Students are responsible for attending school regularly, showing a conscientious effort in classroom work, and conforming to school rules and regulations, including the fact that no student has the right to interfere with the education of fellow students. To fulfill student responsibility for good discipline, the student should respect and protect teach­ers, students, administrators, and everyone else involved in the ed­ucational process, practice ac­ademic honesty, express ideas and opinions in such a respectful manner that does not offend or slander others, be aware of all rules and regulations for student behaviour and abide by them, be willing to assist in investigations of disciplinary offenses, help the school staff in running a safe school for all students, get aware of state and local laws and com­ply with them, protect and take care of school property, arriving on time to all classes and other school functions, and make up work when absent or suspended from school following established guidelines.

 

An orderly classroom is most likely to prevent behavioural prob­lems from taking place rather than handling misbehaviour only once they happen.

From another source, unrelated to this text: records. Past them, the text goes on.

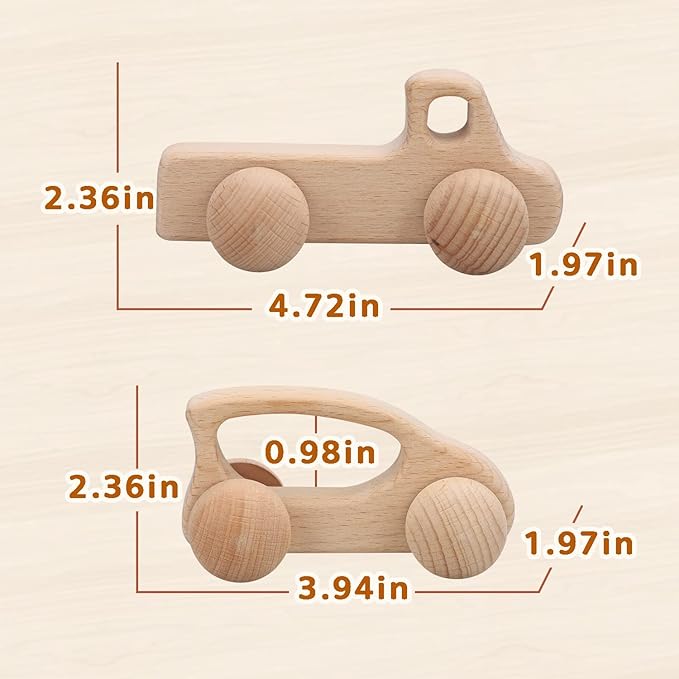 TOY Life Wooden Toys Cars, Montessori Toys for Babies 0-6-12 Months, Rattle Toy Cars for Toddlers 1-3, Christmas Wooden Baby Toys Gift 1 Year Old, Baby Boy Nursery Decor, 1 Year Old Boy Birthday Gift-CubbioJoy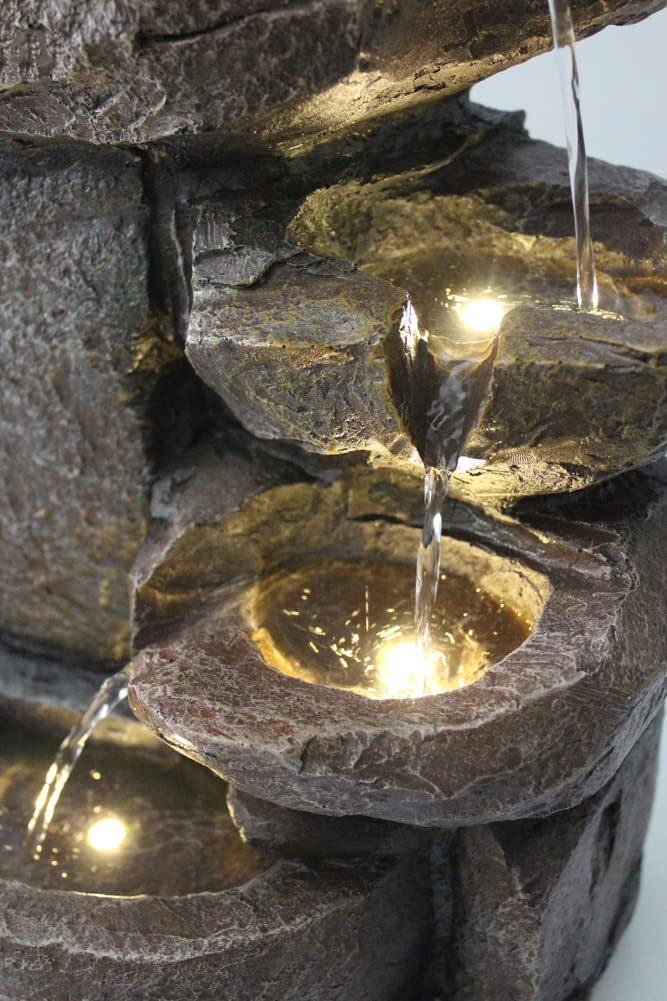 Arnusa fountain BK851 waterfall with lighting garden fountain indoor fountain cascade fountain terrace fountain decoration, brown gray, 50x30 cm.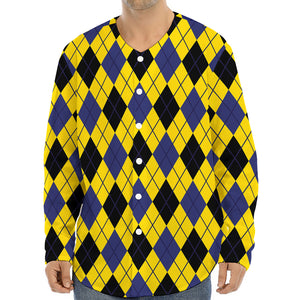 Yellow Blue And Black Argyle Print Long Sleeve Baseball Jersey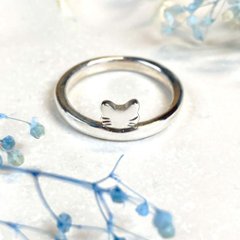 旅する猫リング｜ヒゲあり人気モデル・重ねて完成するペアリング（シルバー925・天然石カスタム可）画像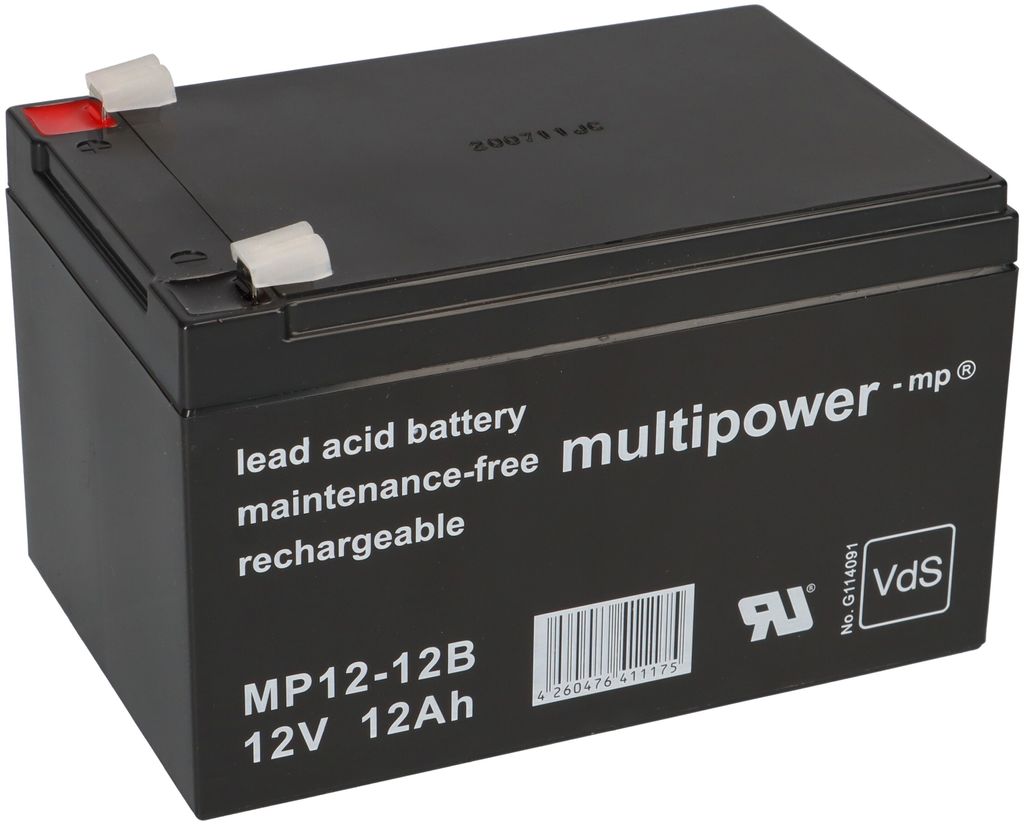 Batterie plomb-acide AGM Multipower MP12-12B, 12V, 12Ah, Image du produit 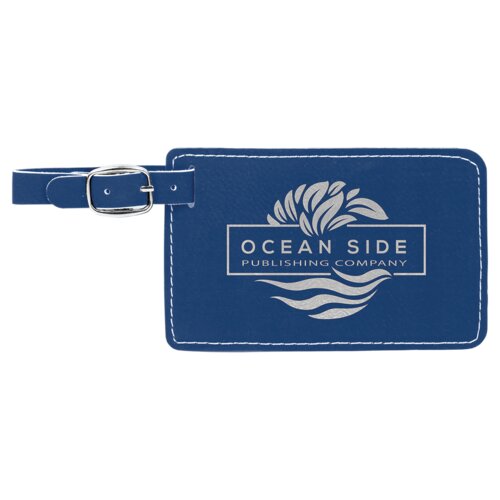 Personalized 4 1/4" x 2 3/4" Blue/Silver Laserable Leatherette Luggage Tag Thumbnail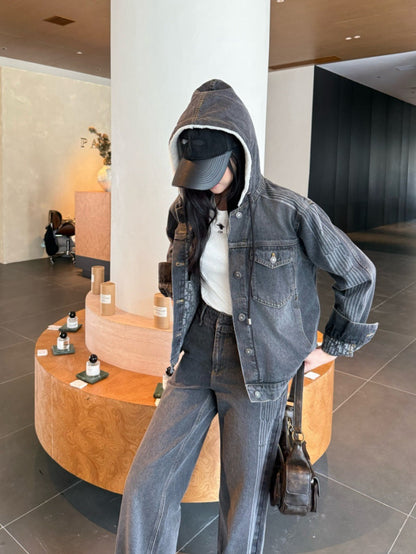 CD NEW hooded denim jacket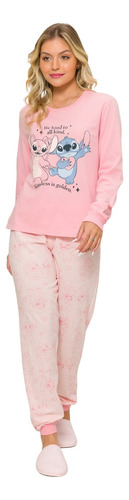 Pijama Longo Feminino Lilo & Stitch  Disney  Evanilda  0002 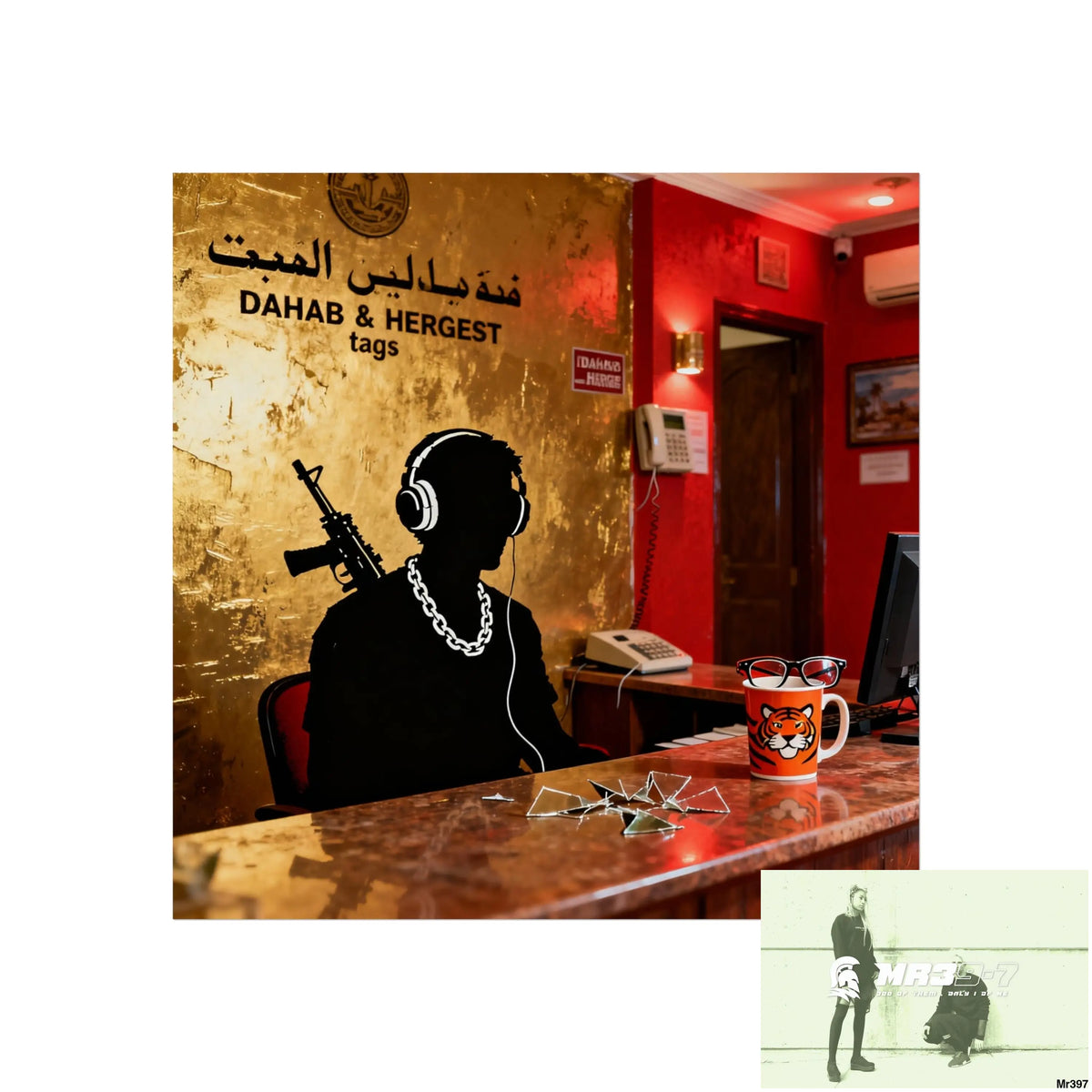 Banksy Style Dahab Gold Reception Desk (RATM / Jungle Moment) No 1 Fine Art Posters 16″ x 16″ / Matte Poster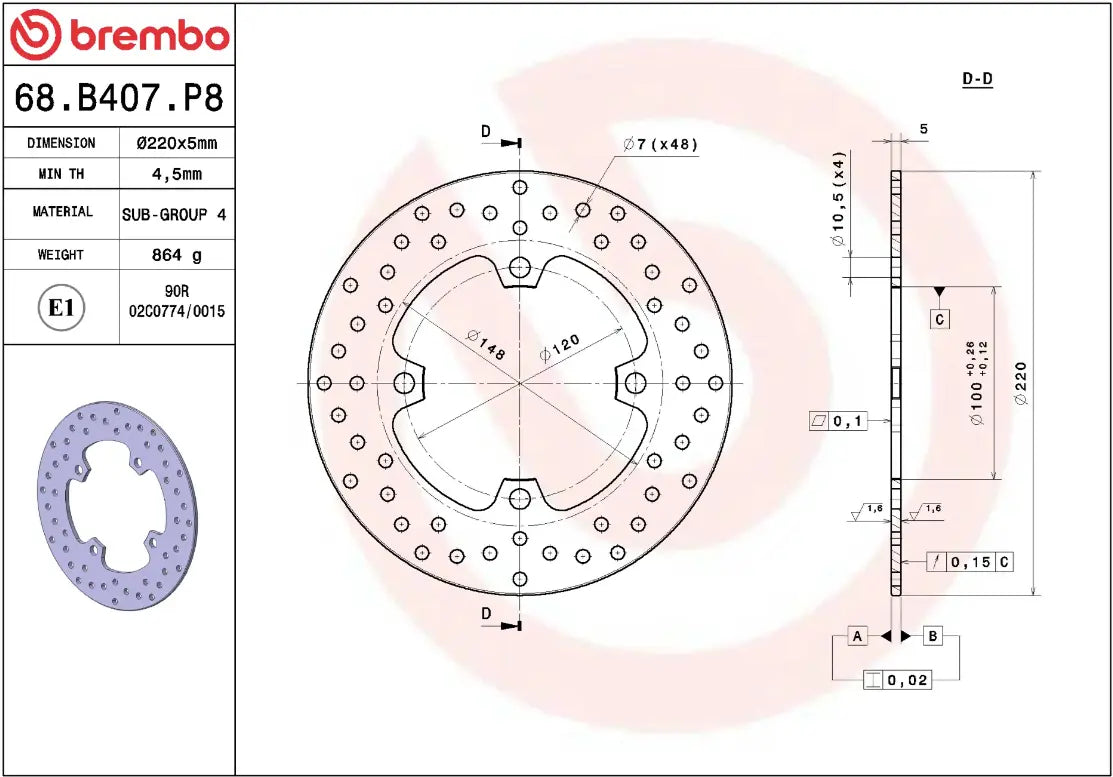 Brembo Serie Oro Brake Rotor Fixed Prime Line - Rear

Some techniques for better classroom discipline in­clude focusing, direct instruction, monitoring, modelling, non-ver­bal curing, environmental control, low-profile intervention, assertive discipline, assertive messages, humanistic messages, and pos­itive discipline. There are still several classroom and school-based programmes for dealing with problematic behaviours, the ways of social competence enhancement and conflict reso­lution, for instance, coordinated school-based planning, high-quali­ty curriculums and instruction, or a supportive school environment. These types of programs improve life skills, provide health educa­tion, and develop socioemotional skills.

 

Thus, it is incumbent upon teachers, whoever is the younger or older generation, to lay a very nice foundation of good discipline. That foundation tends to be deeply embedded in the programme of school life. A well-housed school with a well-taught educational programme adapted to its stu­dents holds the basic attributes that can contribute the good dis­cipline. In laying the foundation of good discipline, teachers should be fully acquainted with both the­oretical and practical aspects of discipline. As we are all aware, the Myanmar school motto says `Morale, Discipline, Education´. Accordingly, good discipline could do with raising morale at the very first, which will then give birth to quality education in the future.